In this series, I’m going to explain the four steps I took, with specific time frame, that helped me find a tech co-founder.

I would not say it’s necessary for anyone without tech background to find a tech co-founder in order to build a startup. In fact, I started an experiment to build a startup without a tech co-founder here. I’ll include in this series how this experiment ends.

Here, I only want to states the four things I did, one after one, that helped me find a tech co-founder. I studied Philosophy and worked in global logistics. When I resigned, there’s only one person in my whole network doing startup himself. Three months later, I found a tech co-founder and living my startup life.

If you’re non-tech person like me and would like to find a tech cofounder, this is for you.

Step 1: Learn everything about startups not just coding.

Time Needed: 5 hours every other day after work and full day every weekend, for 6-8 months before taking Step 2. On-going for life.

In late 2011, I started to read a lot about VC, tech startups, and advancement in new technologies. I spent at least 3 to 5 hours a night reading articles, blog posts, interviews, TED videos, everything that brings me closer to the startup world simply out of interest.

I learned JavaScript on codecademy. I spent days and nights trial and error on wordpress and drupal. I tested with CSS and PHP. I learned  the differences between seed round and series A. I get to know what’s lean startup, what’s iteration, what’s A/B test.

Before that, I have no idea with any of above, except basic HTML tags.

When I first told my friends that I was learning how to code because I’m interested in that, they says it’s useless, given my work then.

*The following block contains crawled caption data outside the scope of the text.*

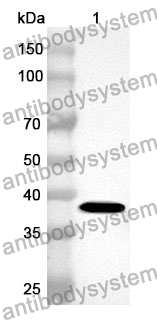 Anti-Human MTF1 Polyclonal Antibody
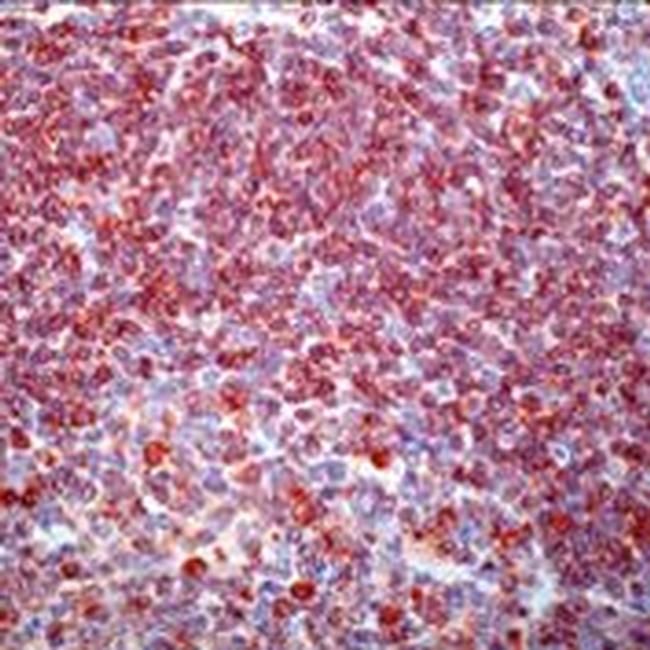 CD79a Antibody in Immunohistochemistry (Paraffin) (IHC (P))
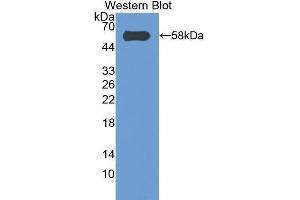 Western Blotting (WB) image for anti-Caspase 14, Apoptosis-Related Cysteine Peptidase (CASP14) (AA 17-248) antibody (ABIN1858238) (CASP14 抗体  (AA 17-248))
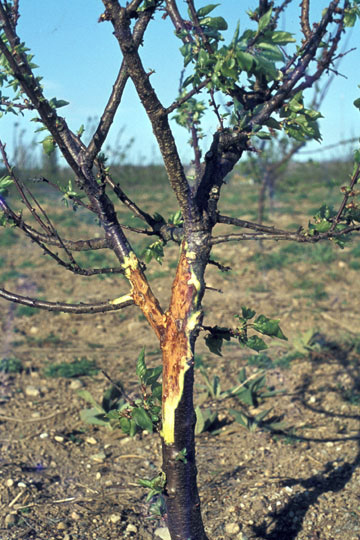 Bacterial canker and blast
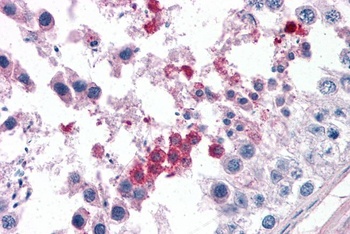 37865 Antibody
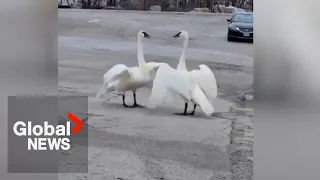 “Magical” reunion of Toronto swan pair goes viral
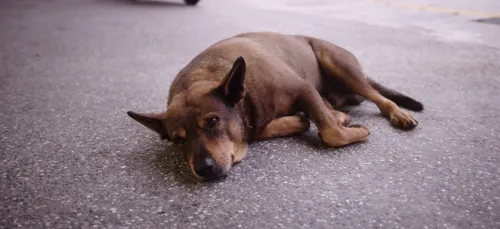 Un chien testé positif au Coronavirus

When I first told a mentor that I was learning how to code because I’m interested in tech startups, he says it’s useless because it’s more important to think about business plan.

In his Quora answer to “How do I find good technical co-founders?”, Drew Hoston suggests that one thing to do is to “learn to code enough to bang out a prototype”. I totally agree with that.

To me, both then and now, the thing is not about the codes, but the language that technical people speaks. It’s to show them respect that you’re putting effort in learning how to communicate with them.

For other things that I learned apart from programming, they’ll become handy in Step 2 and Step 4.